• Exercise directions: Though the entries contain pictures, the copy you make should hold only the rest, exactly as written.

[Captioned web image data]
----------
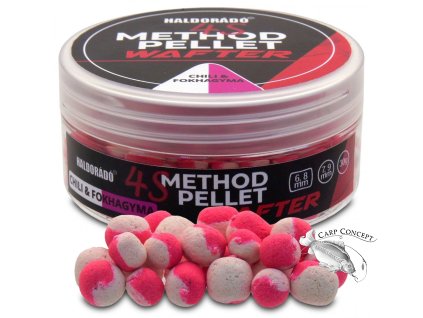 haldorado pelety 4s method pellet wafters 30g 6 8mm 7 9mm chilli cesnek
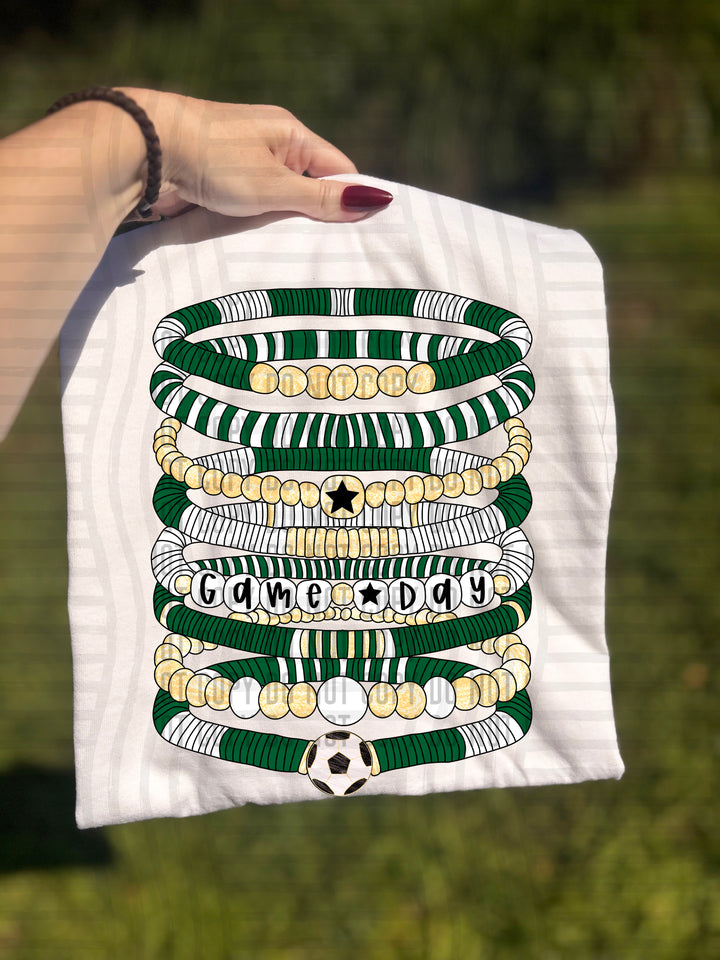 Soccer Bracelets DTF Print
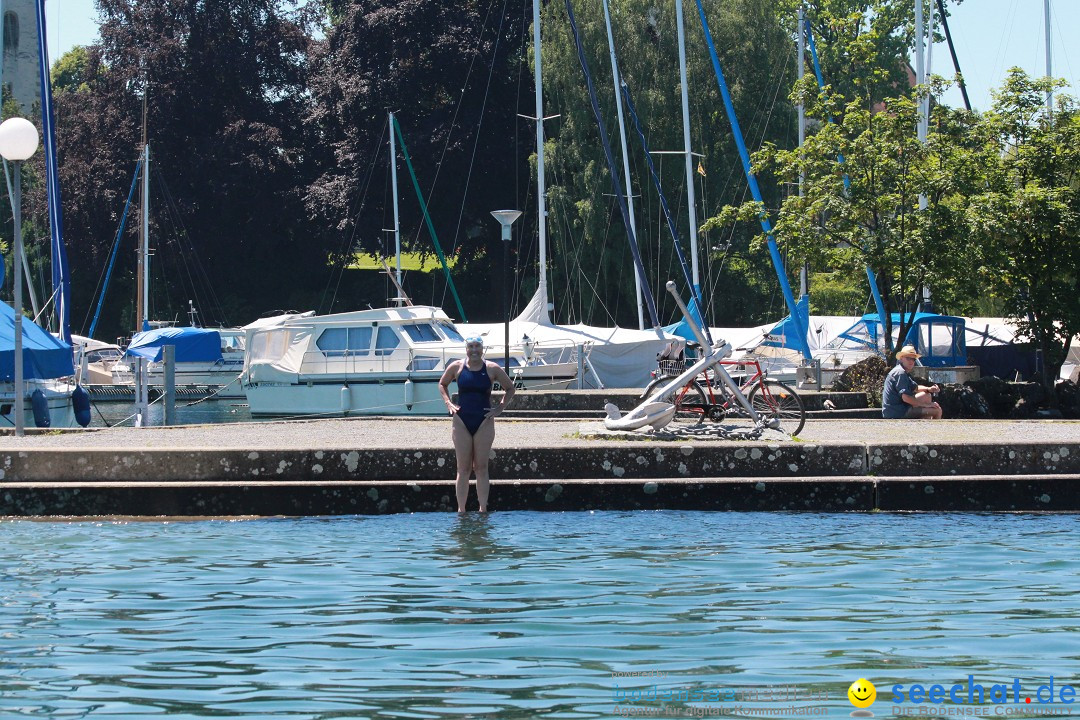 BODENSEEBOOT Breitenquerung, Anna DeLozier Arizona, USA: Bodensee, 23.06.20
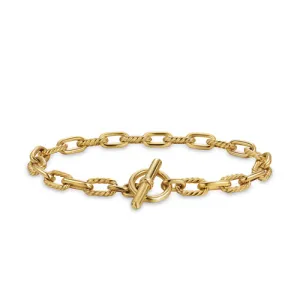 DY Madison Toggle Chain Bracelet in 18K Yellow Gold, Size Large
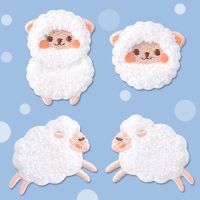 【YF】☋  Cartoon Alpaca Embroidered Patches Decoration Sheep Self-adhesive Sticker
----------
• Exercise output:
 haldorado pelety 4s method pellet wafters 30g 6 8mm 7 9mm chilli cesnek
 Soccer Bracelets DTF Print
 BODENSEEBOOT Breitenquerung, Anna DeLozier Arizona, USA: Bodensee, 23.06.20
 DY Madison Toggle Chain Bracelet in 18K Yellow Gold, Size Large
 【YF】☋  Cartoon Alpaca Embroidered Patches Decoration Sheep Self-adhesive Sticker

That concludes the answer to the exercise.